● **WHAT THIS TASK INVOLVES**: Write out every line below again exactly as it stands, skipping each image.

[Saved data entries]
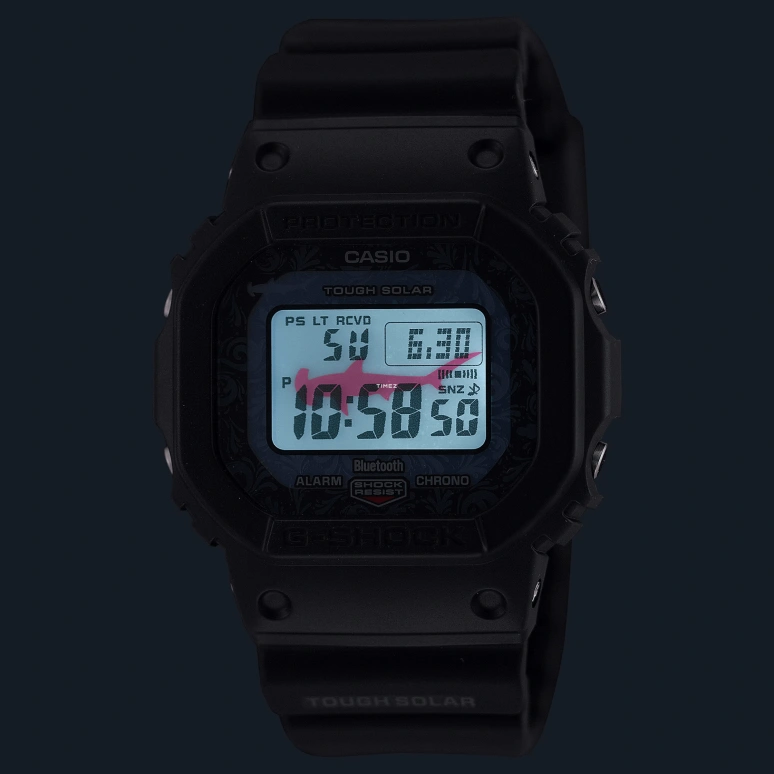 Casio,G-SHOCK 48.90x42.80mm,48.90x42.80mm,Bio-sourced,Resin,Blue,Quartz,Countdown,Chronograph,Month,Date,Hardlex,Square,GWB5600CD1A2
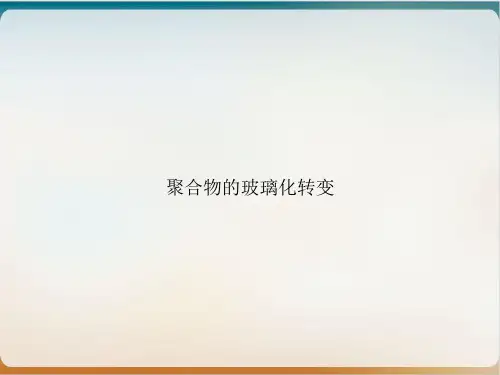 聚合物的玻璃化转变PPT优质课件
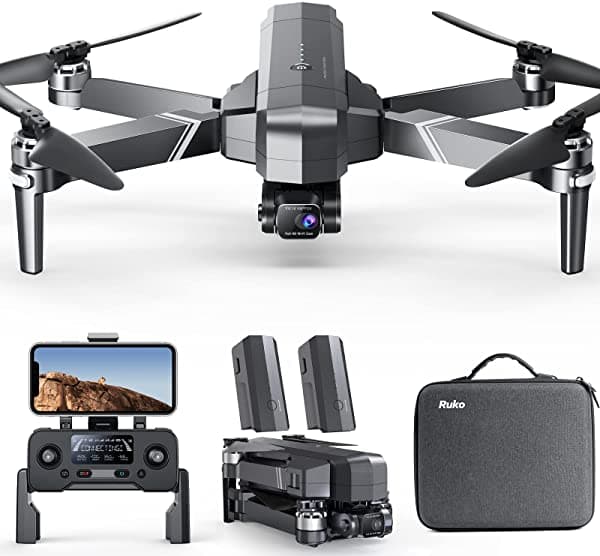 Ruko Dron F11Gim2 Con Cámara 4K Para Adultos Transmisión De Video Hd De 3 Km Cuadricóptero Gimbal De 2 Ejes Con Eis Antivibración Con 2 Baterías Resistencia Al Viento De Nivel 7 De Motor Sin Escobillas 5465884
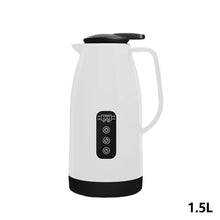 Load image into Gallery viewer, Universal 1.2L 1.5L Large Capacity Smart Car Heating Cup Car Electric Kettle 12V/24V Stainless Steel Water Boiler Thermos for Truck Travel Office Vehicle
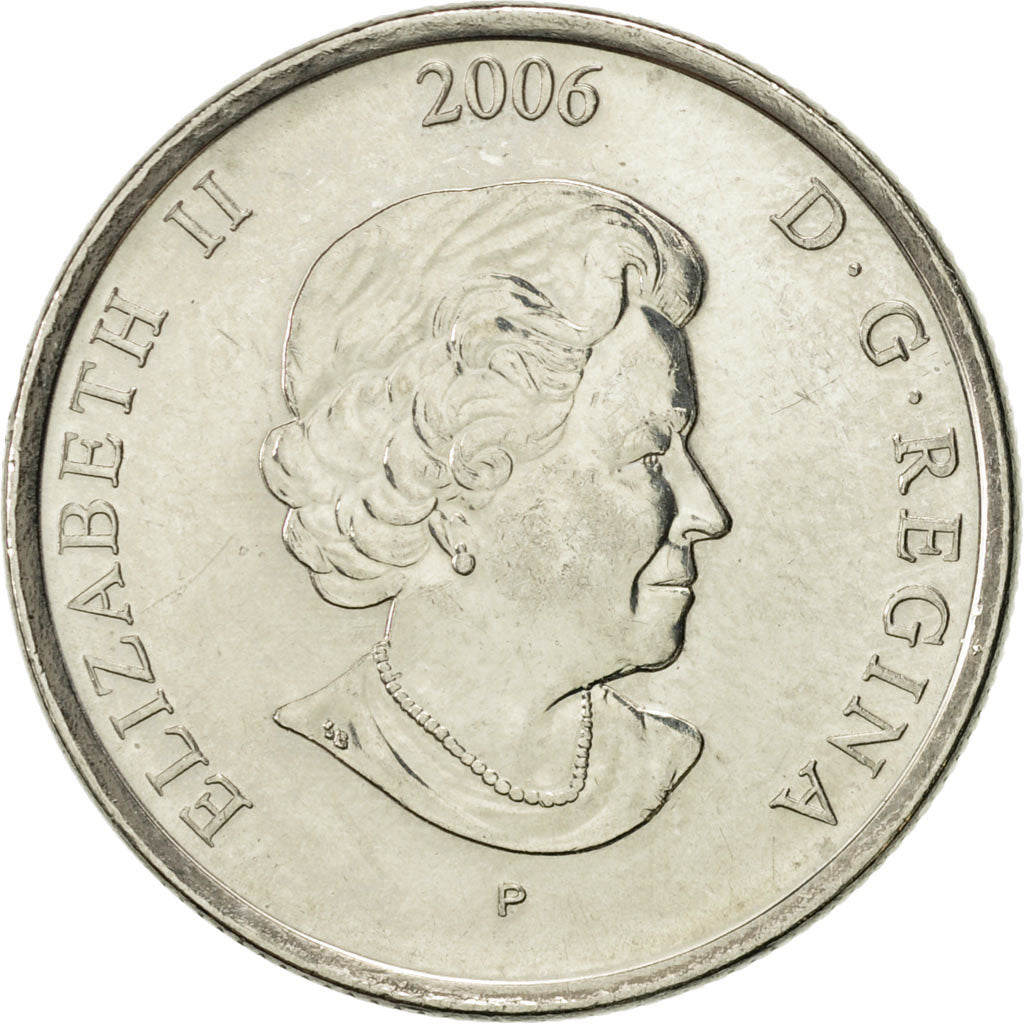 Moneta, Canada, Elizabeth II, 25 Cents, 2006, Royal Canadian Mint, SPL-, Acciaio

● **RESULT**:
 Casio,G-SHOCK 48.90x42.80mm,48.90x42.80mm,Bio-sourced,Resin,Blue,Quartz,Countdown,Chronograph,Month,Date,Hardlex,Square,GWB5600CD1A2
 聚合物的玻璃化转变PPT优质课件
 Ruko Dron F11Gim2 Con Cámara 4K Para Adultos Transmisión De Video Hd De 3 Km Cuadricóptero Gimbal De 2 Ejes Con Eis Antivibración Con 2 Baterías Resistencia Al Viento De Nivel 7 De Motor Sin Escobillas 5465884
 Load image into Gallery viewer, Universal 1.2L 1.5L Large Capacity Smart Car Heating Cup Car Electric Kettle 12V/24V Stainless Steel Water Boiler Thermos for Truck Travel Office Vehicle
 Moneta, Canada, Elizabeth II, 25 Cents, 2006, Royal Canadian Mint, SPL-, Acciaio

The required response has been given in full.